Los P”C” defendieron un objetivo muy claro, el capitalismo de Estado, representación más cabal y bárbara de este sistema totalmente anacrónico y obsoleto desde el punto de vista de la historia de la humanidad y de sus civilizaciones. Sus alianzas con la pequeña burguesía, con la socialdemocracia e incluso con el nazismo eran, según él, mero tacticismo para evitar la revolución proletaria y para conseguir su verdadero objetivo, administrar y gozar de la plusvalía desde el poder de Estado. Cuando todo el mundo hablaba de social democratización del stalinismo, Munis contestaba que lo que había era stalinización de la socialdemocracia. En el capitalismo de Estado veía la expresión más avanzada de la decadencia de todo el sistema de civilización capitalista. Por ello se enfrentó práctica y teóricamente, con todas sus fuerzas y energías, a las nacionalizaciones, consideradas por muchos seudo revolucionarios, como avances positivos para el socialismo. Ligaba, como buen materialista, las medidas inmediatas a las históricas. Si para él, el Estado, por muy obrero que fuere, no podía ser el detentor de la economía en plena revolución, no podía ser algo positivo para el proletariado que el Estado capitalista se adueñara ya de sectores industriales enteros, tanto más que ello era el objetivo principal de los que falazmente se presentaban como defensores de la clase proletaria : los partidos stalinistas y sus lacayos trotskistas y demás. Una vez más, en este tema, como en muchos otros, echó mano de la experiencia vivida. En España, el partido stalinista logró con las armas en la mano, deshacer las colectivizaciones, propiedad colectiva atomizada del proletariado, substituyéndolas por las nacionalizaciones de la economía, propiedad colectiva del Estado capitalista, prueba evidente de lo reaccionario de semejante patraña. Las nacionalizaciones no eran sino medidas económicas ligadas a las necesidades intrínsecas de la acumulación del capital, y no a las necesidades inmediatas e históricas del proletariado, las cuales coinciden con el ataque a esta acumulación en vistas a la destrucción del capital y de su Estado.
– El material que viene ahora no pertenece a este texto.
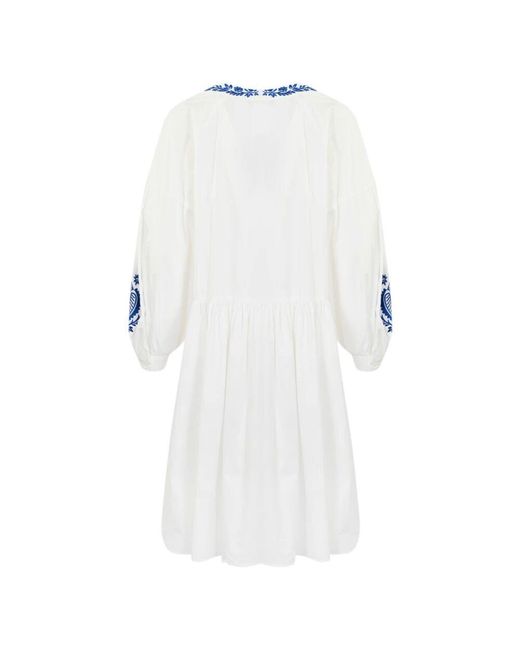 Weekend by Maxmara Blue Ethnisches baumwoll-knielanges kleid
Estas consideraciones implicaron, para Munis y sus compañeros, la necesidad de criticar radicalmente (a la raíz) el Programa de Transición de la IV Internacional, redactado por “el Viejo”, programa que pretendía fundir en uno solo, el programa mínimo y el programa máximo. Lo hicieron siendo militantes trotskistas. En efecto, todas las medidas transitorias en él descritas dependían de dicha nacionalización y no de la socialización que la revolución futura había de impulsar. Para Munis y sus compañeros, las medidas y reivindicaciones inmediatas debían supeditarse no a las posibilidades del capital sino a las posibilidades de la sociedad desembarazada del capital. Desde esta óptica redactaron más tarde, cuando se constituyeron como Fomento Obrero Revolucionario, un “Pro Segundo Manifiesto Comunista” que contiene un capítulo titulado “Las tareas de nuestra época”. En ellas aparecen consignas y reivindicaciones cuyo objetivo es plantarle cara al capitalismo a todos los niveles : político, organizativo y económico. Para Munis, la escuela de guerra del comunismo sigue siendo la lucha de clases cotidiana. En consecuencia, los revolucionarios que han de participar en ella, tienen la obligación, si no quieren transformarse en meros ideólogos, de formular consignas claras de lucha para favorecer la unión creciente de los proletarios y el debilitamiento de las fuerzas capitalistas, atacándose a la acumulación del capital.
Para ello, y ahí radica otra de las posiciones fundamentales de Munis, el proletariado ha de luchar contra el sindicalismo, representante descarado a partir de un cierto nivel de desarrollo capitalista, del mundo mercantil en detrimento del movimiento proletario que éste pretende representar. Los sindicatos, aunque provengan de la clase obrera y de su lucha, nunca fueron organizaciones revolucionarias. Su función consistía en intervenir en los conflictos inevitables del “mundo del trabajo”, para obtener mejores condiciones generales. De intermediarios en la compraventa de la fuerza de trabajo, se consolidaron como pieza indispensable del sistema capitalista, logrando además ser directamente propietarios del capital en los países donde el capital está concentrado en manos del Estado. Y ahí donde mantienen su papel tradicional, reciben subvenciones importantes del Estado (por supuesto éstas proceden de la explotación de la clase obrera), y están regidos como cualquier empresa capitalista. Cuando es necesario despiden a sus empleados para mantener una tasa de explotación conveniente y una buena rentabilidad.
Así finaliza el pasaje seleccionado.